_Activity_: A faithful transcription of the entries below is required.

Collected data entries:

- Opening Delimiter -

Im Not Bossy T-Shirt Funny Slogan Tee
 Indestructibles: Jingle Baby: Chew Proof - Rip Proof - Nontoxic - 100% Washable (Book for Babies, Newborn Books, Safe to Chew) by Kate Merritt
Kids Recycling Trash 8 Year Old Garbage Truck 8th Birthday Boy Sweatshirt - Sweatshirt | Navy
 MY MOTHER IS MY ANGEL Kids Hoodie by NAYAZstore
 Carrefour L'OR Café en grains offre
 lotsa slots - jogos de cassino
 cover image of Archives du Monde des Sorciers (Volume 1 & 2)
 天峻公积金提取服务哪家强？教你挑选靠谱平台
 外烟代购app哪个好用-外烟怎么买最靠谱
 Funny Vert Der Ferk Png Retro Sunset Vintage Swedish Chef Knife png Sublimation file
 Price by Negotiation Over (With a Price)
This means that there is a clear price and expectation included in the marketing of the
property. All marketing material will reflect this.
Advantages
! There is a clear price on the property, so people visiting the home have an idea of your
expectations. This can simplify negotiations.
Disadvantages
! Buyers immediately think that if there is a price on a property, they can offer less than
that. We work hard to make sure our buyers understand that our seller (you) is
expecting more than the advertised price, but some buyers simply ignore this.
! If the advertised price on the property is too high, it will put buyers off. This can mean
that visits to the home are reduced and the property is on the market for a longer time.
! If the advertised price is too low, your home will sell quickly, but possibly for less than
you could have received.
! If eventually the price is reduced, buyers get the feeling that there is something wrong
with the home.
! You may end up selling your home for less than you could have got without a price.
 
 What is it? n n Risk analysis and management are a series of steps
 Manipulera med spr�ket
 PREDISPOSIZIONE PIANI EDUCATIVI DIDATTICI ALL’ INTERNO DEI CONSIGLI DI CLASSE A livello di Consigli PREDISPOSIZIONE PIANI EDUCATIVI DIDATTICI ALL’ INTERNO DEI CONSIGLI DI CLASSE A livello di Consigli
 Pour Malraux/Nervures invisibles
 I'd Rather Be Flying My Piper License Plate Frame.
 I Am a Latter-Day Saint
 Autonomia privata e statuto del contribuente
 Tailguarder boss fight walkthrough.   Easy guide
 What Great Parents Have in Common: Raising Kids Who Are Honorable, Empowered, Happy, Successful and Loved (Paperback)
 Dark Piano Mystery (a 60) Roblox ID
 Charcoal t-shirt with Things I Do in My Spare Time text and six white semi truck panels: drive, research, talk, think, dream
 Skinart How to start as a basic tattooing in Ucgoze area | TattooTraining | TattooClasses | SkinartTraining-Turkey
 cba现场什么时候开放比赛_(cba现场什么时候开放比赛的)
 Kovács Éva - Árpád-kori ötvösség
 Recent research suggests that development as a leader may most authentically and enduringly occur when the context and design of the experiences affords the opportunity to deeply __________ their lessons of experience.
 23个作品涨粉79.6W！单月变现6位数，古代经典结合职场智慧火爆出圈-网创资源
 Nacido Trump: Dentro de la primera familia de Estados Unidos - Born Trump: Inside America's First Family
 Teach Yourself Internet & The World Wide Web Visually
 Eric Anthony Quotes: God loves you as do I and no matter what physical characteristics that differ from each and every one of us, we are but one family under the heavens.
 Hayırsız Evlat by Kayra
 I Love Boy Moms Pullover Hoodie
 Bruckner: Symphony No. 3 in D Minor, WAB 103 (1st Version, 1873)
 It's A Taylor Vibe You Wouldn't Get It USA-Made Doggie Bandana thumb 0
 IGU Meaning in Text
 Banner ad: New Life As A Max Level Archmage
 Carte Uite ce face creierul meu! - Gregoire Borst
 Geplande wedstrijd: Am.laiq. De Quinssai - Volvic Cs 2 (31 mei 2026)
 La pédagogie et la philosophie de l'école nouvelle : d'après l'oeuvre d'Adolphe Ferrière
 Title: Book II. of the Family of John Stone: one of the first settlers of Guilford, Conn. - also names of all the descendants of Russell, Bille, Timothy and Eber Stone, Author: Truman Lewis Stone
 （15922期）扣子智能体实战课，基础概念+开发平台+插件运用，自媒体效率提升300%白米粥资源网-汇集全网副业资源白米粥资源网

- Closing Delimiter -

_Task solution_:
Im Not Bossy T-Shirt Funny Slogan Tee
 Indestructibles: Jingle Baby: Chew Proof - Rip Proof - Nontoxic - 100% Washable (Book for Babies, Newborn Books, Safe to Chew) by Kate Merritt
Kids Recycling Trash 8 Year Old Garbage Truck 8th Birthday Boy Sweatshirt - Sweatshirt | Navy
 MY MOTHER IS MY ANGEL Kids Hoodie by NAYAZstore
 Carrefour L'OR Café en grains offre
 lotsa slots - jogos de cassino
 cover image of Archives du Monde des Sorciers (Volume 1 & 2)
 天峻公积金提取服务哪家强？教你挑选靠谱平台
 外烟代购app哪个好用-外烟怎么买最靠谱
 Funny Vert Der Ferk Png Retro Sunset Vintage Swedish Chef Knife png Sublimation file
 Price by Negotiation Over (With a Price)
This means that there is a clear price and expectation included in the marketing of the
property. All marketing material will reflect this.
Advantages
! There is a clear price on the property, so people visiting the home have an idea of your
expectations. This can simplify negotiations.
Disadvantages
! Buyers immediately think that if there is a price on a property, they can offer less than
that. We work hard to make sure our buyers understand that our seller (you) is
expecting more than the advertised price, but some buyers simply ignore this.
! If the advertised price on the property is too high, it will put buyers off. This can mean
that visits to the home are reduced and the property is on the market for a longer time.
! If the advertised price is too low, your home will sell quickly, but possibly for less than
you could have received.
! If eventually the price is reduced, buyers get the feeling that there is something wrong
with the home.
! You may end up selling your home for less than you could have got without a price.
 
 What is it? n n Risk analysis and management are a series of steps
 Manipulera med spr�ket
 PREDISPOSIZIONE PIANI EDUCATIVI DIDATTICI ALL’ INTERNO DEI CONSIGLI DI CLASSE A livello di Consigli PREDISPOSIZIONE PIANI EDUCATIVI DIDATTICI ALL’ INTERNO DEI CONSIGLI DI CLASSE A livello di Consigli
 Pour Malraux/Nervures invisibles
 I'd Rather Be Flying My Piper License Plate Frame.
 I Am a Latter-Day Saint
 Autonomia privata e statuto del contribuente
 Tailguarder boss fight walkthrough.   Easy guide
 What Great Parents Have in Common: Raising Kids Who Are Honorable, Empowered, Happy, Successful and Loved (Paperback)
 Dark Piano Mystery (a 60) Roblox ID
 Charcoal t-shirt with Things I Do in My Spare Time text and six white semi truck panels: drive, research, talk, think, dream
 Skinart How to start as a basic tattooing in Ucgoze area | TattooTraining | TattooClasses | SkinartTraining-Turkey
 cba现场什么时候开放比赛_(cba现场什么时候开放比赛的)
 Kovács Éva - Árpád-kori ötvösség
 Recent research suggests that development as a leader may most authentically and enduringly occur when the context and design of the experiences affords the opportunity to deeply __________ their lessons of experience.
 23个作品涨粉79.6W！单月变现6位数，古代经典结合职场智慧火爆出圈-网创资源
 Nacido Trump: Dentro de la primera familia de Estados Unidos - Born Trump: Inside America's First Family
 Teach Yourself Internet & The World Wide Web Visually
 Eric Anthony Quotes: God loves you as do I and no matter what physical characteristics that differ from each and every one of us, we are but one family under the heavens.
 Hayırsız Evlat by Kayra
 I Love Boy Moms Pullover Hoodie
 Bruckner: Symphony No. 3 in D Minor, WAB 103 (1st Version, 1873)
 It's A Taylor Vibe You Wouldn't Get It USA-Made Doggie Bandana thumb 0
 IGU Meaning in Text
 Banner ad: New Life As A Max Level Archmage
 Carte Uite ce face creierul meu! - Gregoire Borst
 Geplande wedstrijd: Am.laiq. De Quinssai - Volvic Cs 2 (31 mei 2026)
 La pédagogie et la philosophie de l'école nouvelle : d'après l'oeuvre d'Adolphe Ferrière
 Title: Book II. of the Family of John Stone: one of the first settlers of Guilford, Conn. - also names of all the descendants of Russell, Bille, Timothy and Eber Stone, Author: Truman Lewis Stone
 （15922期）扣子智能体实战课，基础概念+开发平台+插件运用，自媒体效率提升300%白米粥资源网-汇集全网副业资源白米粥资源网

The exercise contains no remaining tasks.